Он не знал, куда идет, и только ноги по привычке несли его в сторону Кладдаха.

Мимо колледжа, вдоль берега канала, чистого, обычно тихого канала, который сейчас метался исступленно в своих берегах, как море, открытое всем ветрам и непогодам. Временами ночной мрак прорезали яркие вспышки молнии, которая пока что сверкала где-то за горами Клэра, так что прохожие, отважившиеся выйти на улицу, поглядывали в ту сторону и говорили: «А в Клэре-то, в Клэре что делается!»

Для Мико ночь была самая подходящая. Ведь считается, что рыбакам погода нипочем. Кто они такие? Темные, невежественные люди, глупей которых, пожалуй, и не сыщешь; бесчувственные чурбаны какие-то. Ему хотелось задрать голову к черному небу и громко выть, как воет собака, которую пнули в живот.

Все глубоко запрятанные чувства, отравлявшие жизнь в детстве, снова всколыхнулись в душе. Разинутые глотки жестоких товарищей его детских игр: «Индюк, индюк, индюк!» — и как ты их ни бей, они все не унимались. Только дети умеют схватить за обнаженный нерв, да так, что тебя всего передернет.

Он поднял руку и утер рукавом мокрое лицо.

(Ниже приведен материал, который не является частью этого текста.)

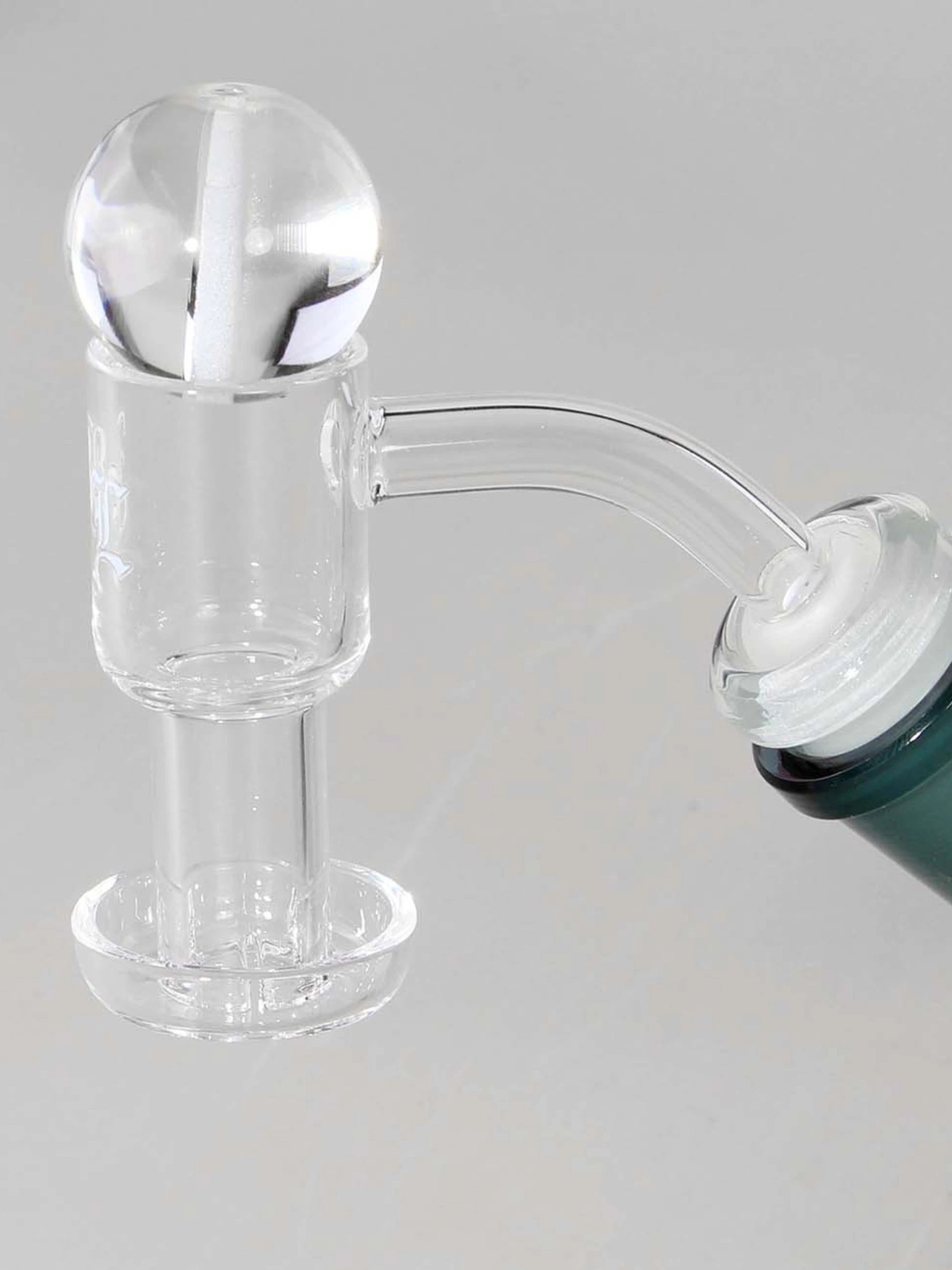 Detailaufnahme des Black Leaf Terp Slurper Quarzbangers mit Carb Cap Kugel aus Quarzglas und NS 14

«Все теперь у меня отняли, ничего не оставили». И ведь ему так мало было нужно. Совсем немножко! Что он видел до сих пор от жизни? Совсем немного ему было нужно, но и это вырвали у него из рук, так что теперь в ночной тьме перед ним, застилая все остальное, каким-то кошмаром вставало огромное лицо, обезображенное багрово-красным пятном. Он поднял руку и начал тереть пятно. Потом побежал. Он бежал и тер пятно, тер до тех пор, пока оно не заболело, и ему начало казаться, что своей мозолистой ладонью он сдирает с него кожу.

Нет, эдак не годится, совсем не годится! И он перестал бежать и пошел шагом, опустив голову. Широкая грудь его вздымалась.

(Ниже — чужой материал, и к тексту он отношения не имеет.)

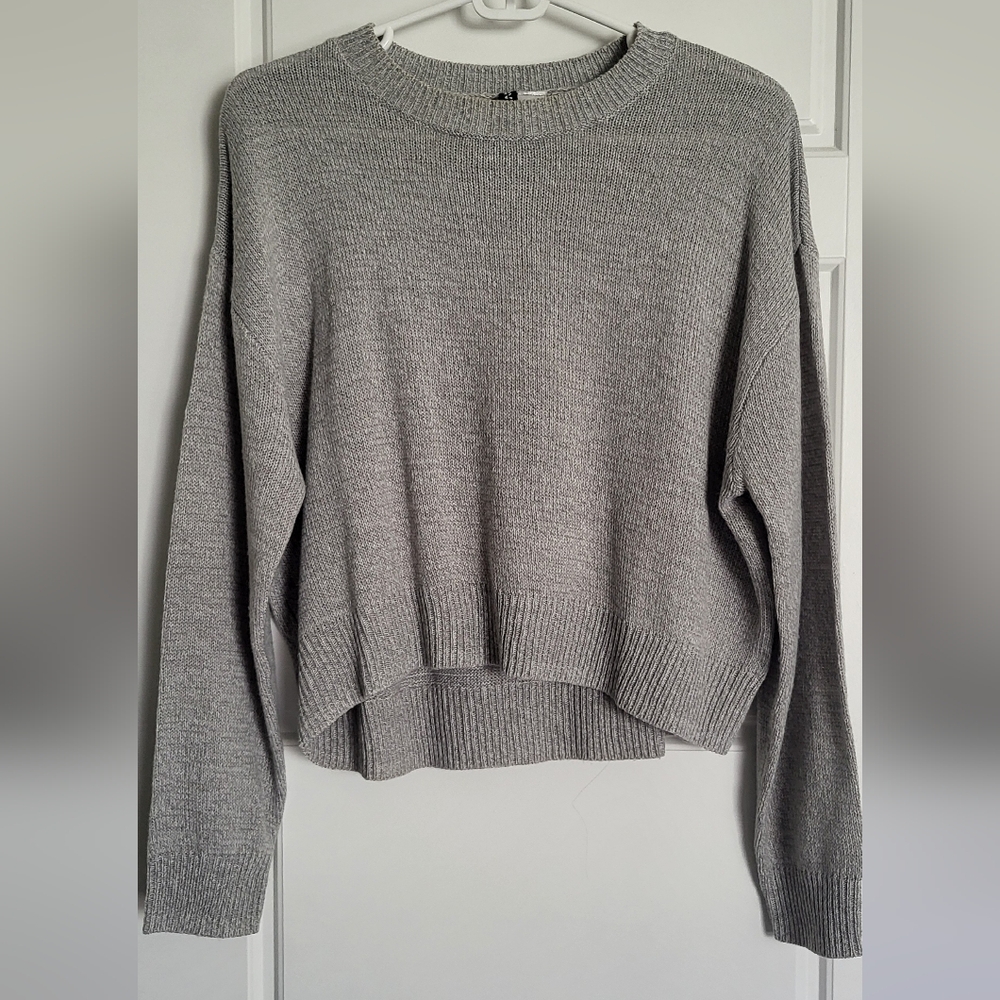 H&M Light Gray Women's Crew Neck Sweater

Улыбающаяся девушка с осликом на болоте… Она поднимает руку. Смуглая рука притрагивается к пятну — к его самому чувствительному месту… Рука такая прохладная… Разве в коже дело? Луна над песчаным пляжем, извивающийся пескорой, зажатый в горсти… Улыбка в уголке рта, ямочка на подбородке, которую хочется потрогать… Упавшие на лицо волосы, и на траве голая хорошенькая ступня с растопыренными пальцами… О Господи! Вот он стоит, прислонившись спиной к двери маленького домика, и снова перед ним волосы, упавшие на лицо, и ему видится, как там, за окном, где-то далеко в море, ритмично покачивается на волнах утопленник… Ему хотелось обнять ее, и пусть бы его слезы падали на ее опущенную голову. Он мог бы, кажется, небо изорвать в клочки, так было ему тяжело и так хотелось, чтобы она поняла его чувства. Его чувства к ней не менялись никогда! Он видел, как она сходила с автобуса, бедно одетая, с похудевшим лицом — кожа да кости. Он заглянул тогда ей в глаза и увидел глубокий темный омут страдания, и он видел ее такой, как только что, — пополневшей, посвежевшей, в красивом платье, сидевшем на ней так, словно она никогда ничего другого и не носила. И из двух он вычеркнул вторую и оставил только ту, что стояла с усталым, осунувшимся лицом, с чемоданом в руке.

«Господи, да что же ты сделала со мной? Или, может, это сам я? Лучше б никогда тебе не приезжать. Какая тебе радость от того, что ты приехала? Какая мне от того радость?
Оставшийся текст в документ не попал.